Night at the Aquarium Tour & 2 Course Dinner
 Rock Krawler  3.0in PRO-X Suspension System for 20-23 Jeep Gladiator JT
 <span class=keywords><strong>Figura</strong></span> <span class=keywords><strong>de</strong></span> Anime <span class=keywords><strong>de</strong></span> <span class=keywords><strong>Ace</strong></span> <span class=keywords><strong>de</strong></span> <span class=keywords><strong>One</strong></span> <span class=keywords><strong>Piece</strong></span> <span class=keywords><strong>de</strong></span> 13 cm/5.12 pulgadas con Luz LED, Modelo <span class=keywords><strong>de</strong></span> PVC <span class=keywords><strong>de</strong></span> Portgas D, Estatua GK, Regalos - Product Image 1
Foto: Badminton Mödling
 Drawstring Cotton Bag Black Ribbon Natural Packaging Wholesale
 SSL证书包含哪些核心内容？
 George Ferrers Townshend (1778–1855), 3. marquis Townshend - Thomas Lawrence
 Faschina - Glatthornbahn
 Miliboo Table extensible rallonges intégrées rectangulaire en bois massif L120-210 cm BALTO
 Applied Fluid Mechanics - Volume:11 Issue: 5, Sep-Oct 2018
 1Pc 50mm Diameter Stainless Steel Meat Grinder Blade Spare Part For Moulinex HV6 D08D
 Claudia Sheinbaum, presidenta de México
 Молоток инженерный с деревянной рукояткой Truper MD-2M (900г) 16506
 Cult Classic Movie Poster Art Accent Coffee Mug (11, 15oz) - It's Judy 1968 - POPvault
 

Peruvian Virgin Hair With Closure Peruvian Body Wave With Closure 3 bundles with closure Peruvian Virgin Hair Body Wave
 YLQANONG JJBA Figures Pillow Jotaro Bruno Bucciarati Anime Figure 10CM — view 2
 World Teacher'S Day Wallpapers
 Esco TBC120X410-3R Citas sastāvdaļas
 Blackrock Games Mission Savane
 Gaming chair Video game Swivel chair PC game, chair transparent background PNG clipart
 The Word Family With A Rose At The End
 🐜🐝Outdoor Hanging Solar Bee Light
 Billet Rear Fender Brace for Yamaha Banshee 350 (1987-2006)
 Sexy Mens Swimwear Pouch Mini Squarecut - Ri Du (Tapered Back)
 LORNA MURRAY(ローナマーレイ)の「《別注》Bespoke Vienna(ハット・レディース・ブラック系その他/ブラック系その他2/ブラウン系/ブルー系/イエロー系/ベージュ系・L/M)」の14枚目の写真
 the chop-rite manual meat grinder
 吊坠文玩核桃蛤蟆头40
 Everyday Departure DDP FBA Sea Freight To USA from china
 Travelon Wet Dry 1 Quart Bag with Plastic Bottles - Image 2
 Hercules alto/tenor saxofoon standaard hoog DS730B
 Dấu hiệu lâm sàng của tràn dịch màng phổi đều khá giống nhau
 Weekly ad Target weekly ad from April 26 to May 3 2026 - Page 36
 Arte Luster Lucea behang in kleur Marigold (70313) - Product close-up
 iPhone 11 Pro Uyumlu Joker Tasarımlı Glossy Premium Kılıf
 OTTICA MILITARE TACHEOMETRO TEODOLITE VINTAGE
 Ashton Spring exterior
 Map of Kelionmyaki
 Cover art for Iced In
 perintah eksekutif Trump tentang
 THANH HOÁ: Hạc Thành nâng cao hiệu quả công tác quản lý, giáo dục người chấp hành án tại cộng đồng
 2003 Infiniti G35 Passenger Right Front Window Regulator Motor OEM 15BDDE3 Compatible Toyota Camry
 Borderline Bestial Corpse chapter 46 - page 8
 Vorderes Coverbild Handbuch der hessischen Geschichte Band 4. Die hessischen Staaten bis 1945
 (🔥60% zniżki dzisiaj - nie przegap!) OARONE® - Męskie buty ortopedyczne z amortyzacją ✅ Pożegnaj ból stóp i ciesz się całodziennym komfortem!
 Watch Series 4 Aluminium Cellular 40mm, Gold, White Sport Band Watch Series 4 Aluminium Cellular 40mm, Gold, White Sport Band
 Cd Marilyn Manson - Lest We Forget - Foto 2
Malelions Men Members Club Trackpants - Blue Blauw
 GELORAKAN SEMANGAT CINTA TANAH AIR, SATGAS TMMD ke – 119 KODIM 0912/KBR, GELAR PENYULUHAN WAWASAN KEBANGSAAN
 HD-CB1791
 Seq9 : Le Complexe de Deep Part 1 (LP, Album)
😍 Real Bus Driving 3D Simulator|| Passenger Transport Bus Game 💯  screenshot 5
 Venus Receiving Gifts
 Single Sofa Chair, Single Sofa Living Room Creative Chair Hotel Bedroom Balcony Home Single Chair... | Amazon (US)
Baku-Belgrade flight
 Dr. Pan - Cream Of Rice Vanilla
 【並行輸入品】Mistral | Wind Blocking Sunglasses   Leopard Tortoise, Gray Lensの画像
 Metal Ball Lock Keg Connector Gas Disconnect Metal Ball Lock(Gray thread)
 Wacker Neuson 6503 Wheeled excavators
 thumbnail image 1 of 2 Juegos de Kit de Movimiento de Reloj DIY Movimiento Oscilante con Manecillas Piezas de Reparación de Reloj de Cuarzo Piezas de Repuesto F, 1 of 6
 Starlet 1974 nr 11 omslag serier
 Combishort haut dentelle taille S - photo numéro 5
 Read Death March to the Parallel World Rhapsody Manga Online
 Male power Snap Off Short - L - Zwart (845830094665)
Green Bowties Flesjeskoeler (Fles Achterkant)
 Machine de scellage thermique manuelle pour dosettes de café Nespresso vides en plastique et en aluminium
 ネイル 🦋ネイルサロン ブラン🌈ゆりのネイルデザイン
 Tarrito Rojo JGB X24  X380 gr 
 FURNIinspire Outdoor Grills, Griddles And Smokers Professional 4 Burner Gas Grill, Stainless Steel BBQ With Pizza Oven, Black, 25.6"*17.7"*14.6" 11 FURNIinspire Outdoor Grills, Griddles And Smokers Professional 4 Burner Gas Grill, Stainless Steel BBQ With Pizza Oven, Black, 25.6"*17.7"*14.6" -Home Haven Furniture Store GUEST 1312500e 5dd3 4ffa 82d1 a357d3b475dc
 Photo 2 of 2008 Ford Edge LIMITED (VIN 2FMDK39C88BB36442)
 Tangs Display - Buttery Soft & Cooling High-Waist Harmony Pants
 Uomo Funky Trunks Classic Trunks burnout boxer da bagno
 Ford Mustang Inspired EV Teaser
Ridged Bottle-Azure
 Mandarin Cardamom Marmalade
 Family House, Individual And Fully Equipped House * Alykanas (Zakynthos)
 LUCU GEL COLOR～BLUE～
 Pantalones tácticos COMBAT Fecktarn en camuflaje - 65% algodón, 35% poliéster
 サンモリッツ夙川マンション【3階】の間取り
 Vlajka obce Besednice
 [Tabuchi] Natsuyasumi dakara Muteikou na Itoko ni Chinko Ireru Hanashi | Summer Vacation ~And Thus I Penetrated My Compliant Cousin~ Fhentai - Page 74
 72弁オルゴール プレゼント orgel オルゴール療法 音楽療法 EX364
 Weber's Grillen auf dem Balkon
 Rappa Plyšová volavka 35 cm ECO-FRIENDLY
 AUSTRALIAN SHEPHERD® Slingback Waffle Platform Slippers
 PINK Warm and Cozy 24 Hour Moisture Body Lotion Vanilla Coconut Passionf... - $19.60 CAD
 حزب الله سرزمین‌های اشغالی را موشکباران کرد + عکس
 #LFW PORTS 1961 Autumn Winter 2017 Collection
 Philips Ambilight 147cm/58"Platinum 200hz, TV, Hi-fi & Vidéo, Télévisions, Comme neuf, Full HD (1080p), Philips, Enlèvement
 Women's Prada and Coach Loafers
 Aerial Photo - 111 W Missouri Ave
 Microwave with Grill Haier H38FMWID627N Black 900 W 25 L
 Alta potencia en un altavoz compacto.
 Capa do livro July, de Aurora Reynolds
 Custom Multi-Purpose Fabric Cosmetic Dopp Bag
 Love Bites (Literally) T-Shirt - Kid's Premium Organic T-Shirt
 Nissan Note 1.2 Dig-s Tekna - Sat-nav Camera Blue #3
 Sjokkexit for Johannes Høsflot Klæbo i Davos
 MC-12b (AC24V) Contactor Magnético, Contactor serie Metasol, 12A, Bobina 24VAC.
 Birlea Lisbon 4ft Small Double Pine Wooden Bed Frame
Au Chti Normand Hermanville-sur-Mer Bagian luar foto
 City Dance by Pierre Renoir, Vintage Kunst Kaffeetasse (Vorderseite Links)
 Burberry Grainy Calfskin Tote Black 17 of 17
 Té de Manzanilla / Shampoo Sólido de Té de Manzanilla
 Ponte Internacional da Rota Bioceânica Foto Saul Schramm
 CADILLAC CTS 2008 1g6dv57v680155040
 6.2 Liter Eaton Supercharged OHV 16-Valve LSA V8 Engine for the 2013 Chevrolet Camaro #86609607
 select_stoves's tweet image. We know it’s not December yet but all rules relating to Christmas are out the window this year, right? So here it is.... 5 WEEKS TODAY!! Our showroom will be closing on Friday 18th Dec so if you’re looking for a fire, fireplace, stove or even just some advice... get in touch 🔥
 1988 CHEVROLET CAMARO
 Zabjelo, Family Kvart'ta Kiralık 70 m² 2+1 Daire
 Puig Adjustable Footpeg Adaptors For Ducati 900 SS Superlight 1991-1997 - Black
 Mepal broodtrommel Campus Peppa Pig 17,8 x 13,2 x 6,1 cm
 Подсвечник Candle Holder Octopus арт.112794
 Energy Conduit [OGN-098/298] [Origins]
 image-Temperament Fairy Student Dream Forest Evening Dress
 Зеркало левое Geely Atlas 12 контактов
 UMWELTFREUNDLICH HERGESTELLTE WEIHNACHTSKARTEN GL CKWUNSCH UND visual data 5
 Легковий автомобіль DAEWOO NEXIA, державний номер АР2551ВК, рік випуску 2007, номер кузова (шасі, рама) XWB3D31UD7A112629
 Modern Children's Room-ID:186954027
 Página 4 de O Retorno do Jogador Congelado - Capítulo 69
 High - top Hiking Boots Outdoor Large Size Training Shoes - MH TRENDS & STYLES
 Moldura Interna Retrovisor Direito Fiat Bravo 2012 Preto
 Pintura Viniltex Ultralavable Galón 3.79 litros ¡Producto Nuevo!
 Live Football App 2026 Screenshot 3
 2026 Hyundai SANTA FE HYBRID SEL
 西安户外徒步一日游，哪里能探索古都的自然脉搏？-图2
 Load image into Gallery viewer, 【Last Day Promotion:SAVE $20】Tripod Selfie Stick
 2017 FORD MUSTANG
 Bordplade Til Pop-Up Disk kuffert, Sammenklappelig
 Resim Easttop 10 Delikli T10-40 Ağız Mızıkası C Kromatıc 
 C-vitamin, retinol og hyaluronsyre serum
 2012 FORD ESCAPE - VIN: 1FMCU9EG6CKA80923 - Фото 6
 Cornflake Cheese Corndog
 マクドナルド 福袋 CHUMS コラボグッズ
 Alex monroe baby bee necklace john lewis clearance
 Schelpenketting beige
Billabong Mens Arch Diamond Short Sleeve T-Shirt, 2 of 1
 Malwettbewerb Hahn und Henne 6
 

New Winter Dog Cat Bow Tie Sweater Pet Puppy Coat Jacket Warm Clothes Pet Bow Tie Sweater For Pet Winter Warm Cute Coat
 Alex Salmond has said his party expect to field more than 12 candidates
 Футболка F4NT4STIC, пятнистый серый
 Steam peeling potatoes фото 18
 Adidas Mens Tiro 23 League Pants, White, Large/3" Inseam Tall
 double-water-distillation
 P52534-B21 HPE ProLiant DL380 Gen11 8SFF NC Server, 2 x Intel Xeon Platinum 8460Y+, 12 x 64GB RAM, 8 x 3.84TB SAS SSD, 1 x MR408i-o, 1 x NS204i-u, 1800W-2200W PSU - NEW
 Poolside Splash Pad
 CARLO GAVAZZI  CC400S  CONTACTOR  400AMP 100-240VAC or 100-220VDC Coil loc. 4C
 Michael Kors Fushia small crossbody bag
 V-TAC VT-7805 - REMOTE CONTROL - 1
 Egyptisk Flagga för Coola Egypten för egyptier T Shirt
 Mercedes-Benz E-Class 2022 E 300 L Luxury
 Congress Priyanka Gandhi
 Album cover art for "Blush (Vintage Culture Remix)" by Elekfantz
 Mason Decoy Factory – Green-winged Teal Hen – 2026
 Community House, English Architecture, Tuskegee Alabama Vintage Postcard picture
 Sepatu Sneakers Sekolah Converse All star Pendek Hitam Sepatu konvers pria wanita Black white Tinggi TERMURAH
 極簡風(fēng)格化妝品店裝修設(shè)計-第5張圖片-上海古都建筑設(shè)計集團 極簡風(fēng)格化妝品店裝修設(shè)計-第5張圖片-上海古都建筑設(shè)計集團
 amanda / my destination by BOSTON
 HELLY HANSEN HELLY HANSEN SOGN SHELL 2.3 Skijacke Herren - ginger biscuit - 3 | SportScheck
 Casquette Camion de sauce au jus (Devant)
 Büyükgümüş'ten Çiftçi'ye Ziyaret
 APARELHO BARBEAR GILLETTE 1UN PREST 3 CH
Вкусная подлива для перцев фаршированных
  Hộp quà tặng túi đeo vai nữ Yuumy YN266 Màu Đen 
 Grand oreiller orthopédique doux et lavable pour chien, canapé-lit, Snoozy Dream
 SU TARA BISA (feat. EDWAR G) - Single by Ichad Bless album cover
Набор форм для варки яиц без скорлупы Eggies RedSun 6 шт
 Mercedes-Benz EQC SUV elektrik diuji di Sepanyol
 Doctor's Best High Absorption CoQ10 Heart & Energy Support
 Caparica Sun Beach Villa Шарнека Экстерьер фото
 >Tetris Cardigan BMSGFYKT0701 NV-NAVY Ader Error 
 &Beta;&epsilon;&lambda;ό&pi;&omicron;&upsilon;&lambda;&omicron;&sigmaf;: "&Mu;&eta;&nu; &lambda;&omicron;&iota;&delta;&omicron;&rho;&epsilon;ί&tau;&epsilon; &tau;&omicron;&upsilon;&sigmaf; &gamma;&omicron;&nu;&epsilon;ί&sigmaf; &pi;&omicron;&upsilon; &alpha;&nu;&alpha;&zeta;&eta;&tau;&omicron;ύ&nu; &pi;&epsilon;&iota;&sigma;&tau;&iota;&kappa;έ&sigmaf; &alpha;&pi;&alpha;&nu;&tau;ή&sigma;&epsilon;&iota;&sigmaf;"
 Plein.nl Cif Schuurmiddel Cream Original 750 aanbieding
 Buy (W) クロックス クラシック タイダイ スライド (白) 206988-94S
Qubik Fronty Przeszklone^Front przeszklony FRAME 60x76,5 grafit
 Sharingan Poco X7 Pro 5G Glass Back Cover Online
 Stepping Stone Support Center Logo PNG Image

• **What the task requires**:
In the entries above, find each line with the word "Mercedes" and copy it.

• **Solution**:
 Mercedes-Benz E-Class 2022 E 300 L Luxury
 Mercedes-Benz EQC SUV elektrik diuji di Sepanyol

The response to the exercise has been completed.